### PROBLEM REQUIREMENTS
Starting from the line containing "skinsluck_casino_game_gallery_mobile", write out the rest of the entries exactly, through the final line, including nothing else.

### EXERCISE MATERIAL
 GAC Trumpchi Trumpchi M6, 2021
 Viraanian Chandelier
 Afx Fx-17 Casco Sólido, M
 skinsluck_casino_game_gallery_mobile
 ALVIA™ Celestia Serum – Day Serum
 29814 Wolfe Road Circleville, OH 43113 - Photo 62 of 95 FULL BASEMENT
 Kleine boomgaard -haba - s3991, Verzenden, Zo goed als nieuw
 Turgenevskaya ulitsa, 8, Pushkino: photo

### SOLUTION TO THE PROBLEM
 skinsluck_casino_game_gallery_mobile
 ALVIA™ Celestia Serum – Day Serum
 29814 Wolfe Road Circleville, OH 43113 - Photo 62 of 95 FULL BASEMENT
 Kleine boomgaard -haba - s3991, Verzenden, Zo goed als nieuw
 Turgenevskaya ulitsa, 8, Pushkino: photo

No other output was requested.